Retype the lines below exactly, but only those from the line that has "Porsche Cayman GT4" through the line that has "Program PUTRARenang sediakan". Omit every picture.

SUPPLIED RECORDS =>
----
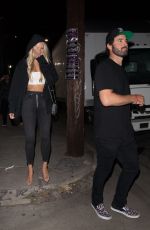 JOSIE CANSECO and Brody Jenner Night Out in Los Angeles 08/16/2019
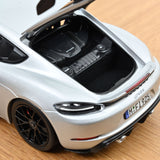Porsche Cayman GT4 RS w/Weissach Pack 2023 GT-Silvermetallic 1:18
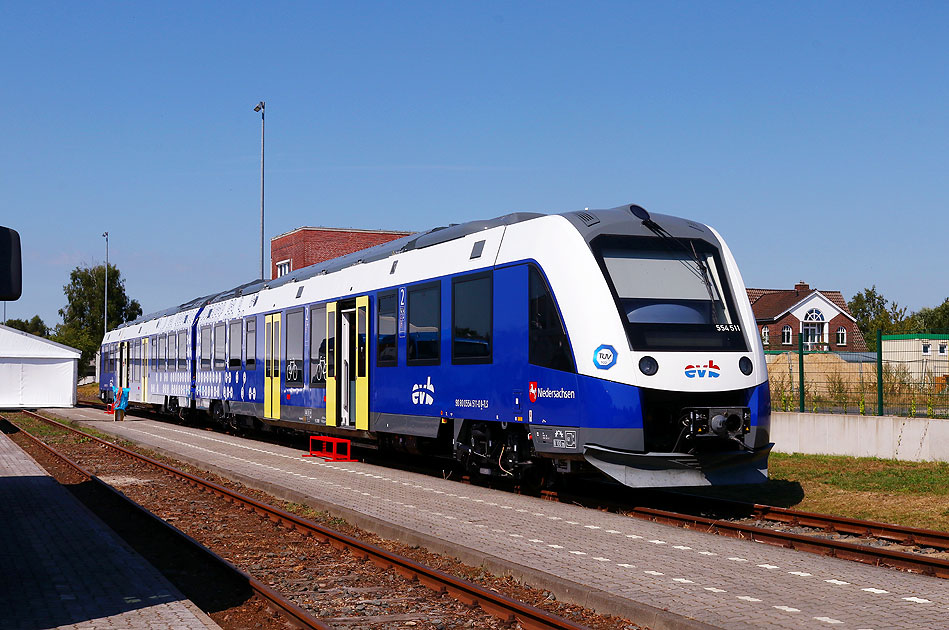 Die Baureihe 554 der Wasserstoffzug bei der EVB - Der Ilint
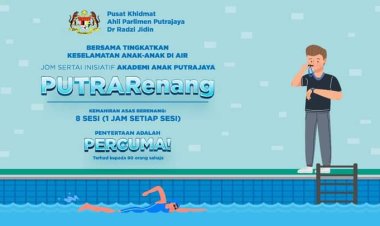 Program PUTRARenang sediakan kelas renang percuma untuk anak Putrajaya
----
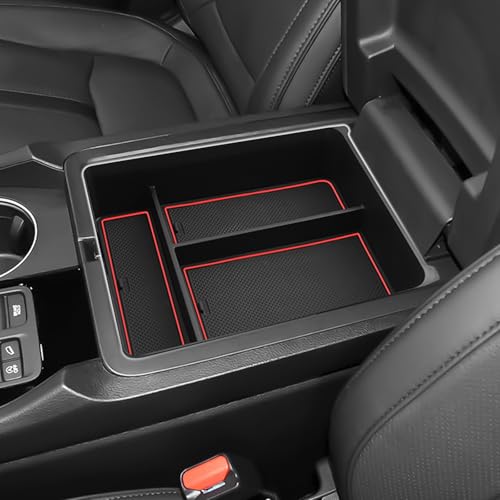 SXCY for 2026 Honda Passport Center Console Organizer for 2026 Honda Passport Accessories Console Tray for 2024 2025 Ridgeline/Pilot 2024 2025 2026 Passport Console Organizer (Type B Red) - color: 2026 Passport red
----
ANSWER TO THIS EXERCISE =>
Porsche Cayman GT4 RS w/Weissach Pack 2023 GT-Silvermetallic 1:18
 Die Baureihe 554 der Wasserstoffzug bei der EVB - Der Ilint
 Program PUTRARenang sediakan kelas renang percuma untuk anak Putrajaya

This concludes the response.